* **The task**: Return all the data below as it stands, minus the pictures.

Content starts

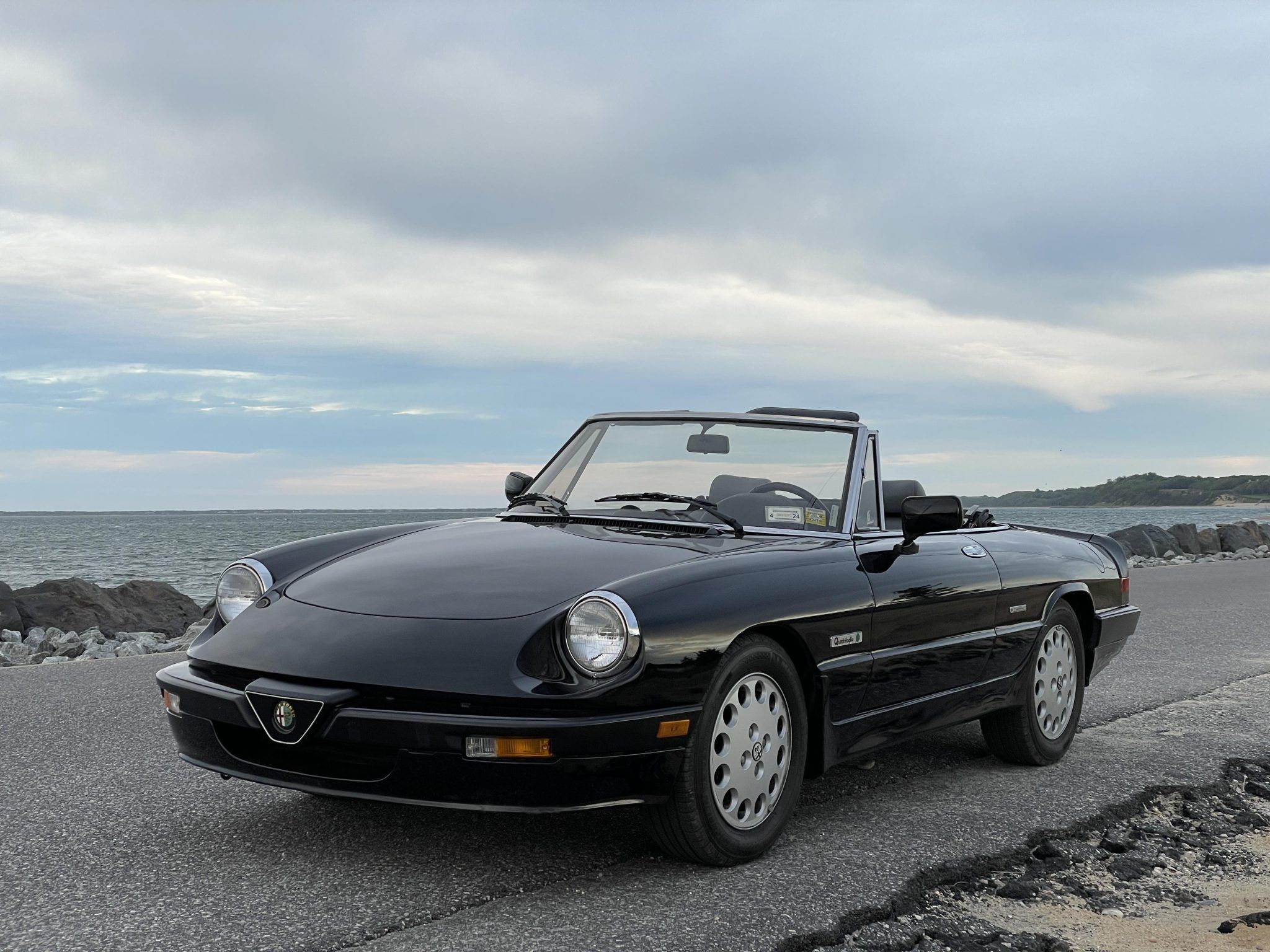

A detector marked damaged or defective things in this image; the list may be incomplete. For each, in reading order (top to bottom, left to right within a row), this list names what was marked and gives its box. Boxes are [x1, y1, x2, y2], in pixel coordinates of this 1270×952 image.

cracked asphalt [2, 558, 1270, 952]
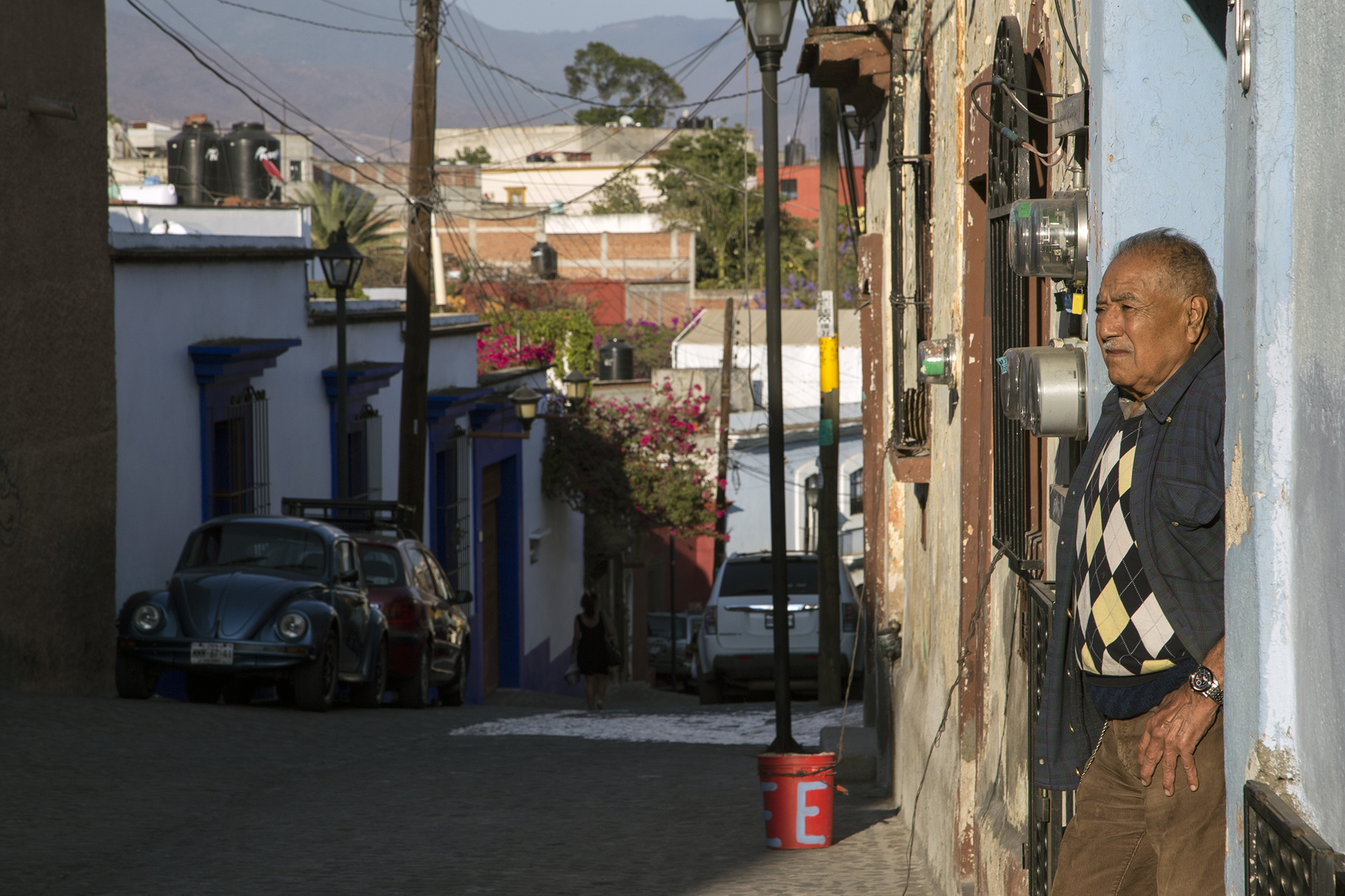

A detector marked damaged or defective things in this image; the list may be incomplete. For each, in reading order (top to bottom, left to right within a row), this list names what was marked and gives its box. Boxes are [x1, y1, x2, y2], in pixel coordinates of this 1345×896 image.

peeling plaster wall [1087, 0, 1227, 430]
peeling plaster wall [1227, 0, 1345, 860]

Content ends

* **Exercise solution**:
A detector marked damaged or defective things in this image; the list may be incomplete. For each, in reading order (top to bottom, left to right within a row), this list names what was marked and gives its box. Boxes are [x1, y1, x2, y2], in pixel coordinates of this 1270×952 image.

cracked asphalt [2, 558, 1270, 952]

A detector marked damaged or defective things in this image; the list may be incomplete. For each, in reading order (top to bottom, left to right within a row), this list names what was marked and gives its box. Boxes are [x1, y1, x2, y2], in pixel coordinates of this 1345×896 image.

peeling plaster wall [1087, 0, 1227, 430]
peeling plaster wall [1227, 0, 1345, 860]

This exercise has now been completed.